Uitspraak
RECHTBANK ROTTERDAM
1.De procedure
- de dagvaarding van 14 juni 2023, met productie 1 tot en met 6;
- het e-mailbericht van de man van 21 juni 2023, met meerdere bijlagen;
- de mondelinge behandeling op 22 juni 2023.
Rechtbank Rotterdam
In deze zaak, die zich afspeelt in het kader van een kort geding, vordert de vrouw dat de man zijn medewerking verleent aan de verkoop van hun gezamenlijk eigendom, de echtelijke woning, na hun echtscheiding. Partijen zijn op 28 mei 1997 getrouwd en hebben gezamenlijk de woning aan de [adres01] te Vlaardingen in eigendom verkregen. De vrouw heeft de woning in 2017 verlaten en woont sindsdien bij haar ouders, terwijl de man met hun minderjarige zoon in de woning is blijven wonen.

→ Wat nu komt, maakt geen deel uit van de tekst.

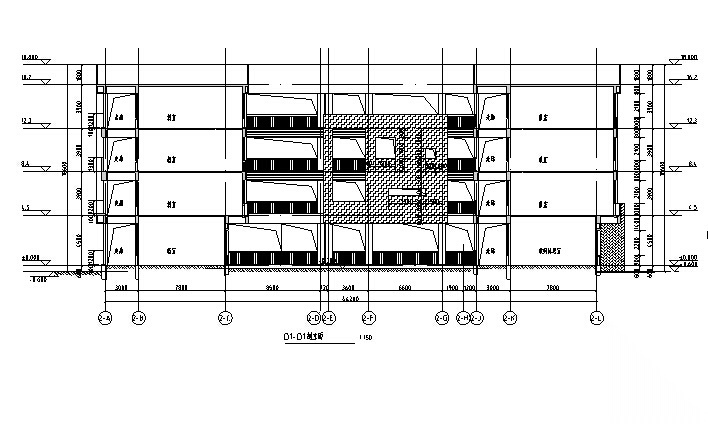 [合肥]多层小学及中学建筑全专业施工图（含地下车库及...施工图下载【ID:151563109】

De echtscheiding is uitgesproken op 9 december 2021, waarbij is bepaald dat de woning verkocht moet worden. De vrouw heeft drie makelaars geselecteerd, maar er is geen overeenstemming bereikt over de verkoop. De vrouw vordert nu dat de man zijn medewerking verleent aan de verkoop, op straffe van een dwangsom. De man voert verweer en stelt dat hij wel medewerking heeft verleend, maar dat de vrouw hem tegenwerkt.
De voorzieningenrechter oordeelt dat partijen in een impasse verkeren en dat de vrouw voldoende aannemelijk heeft gemaakt dat zij niet langer in deze onverdeeldheid wil blijven. De rechtbank wijst de vordering van de vrouw toe, waarbij de man wordt verplicht om zijn medewerking te verlenen aan de verkoop van de woning. De voorzieningenrechter wijst de vordering tot indeplaatsstelling af, maar bepaalt dat het vonnis in de plaats kan treden van de vereiste medewerking van de man voor de verkoopopdracht aan een door de vrouw aan te wijzen makelaar. De rechtbank compenseert de proceskosten, zodat iedere partij de eigen kosten draagt.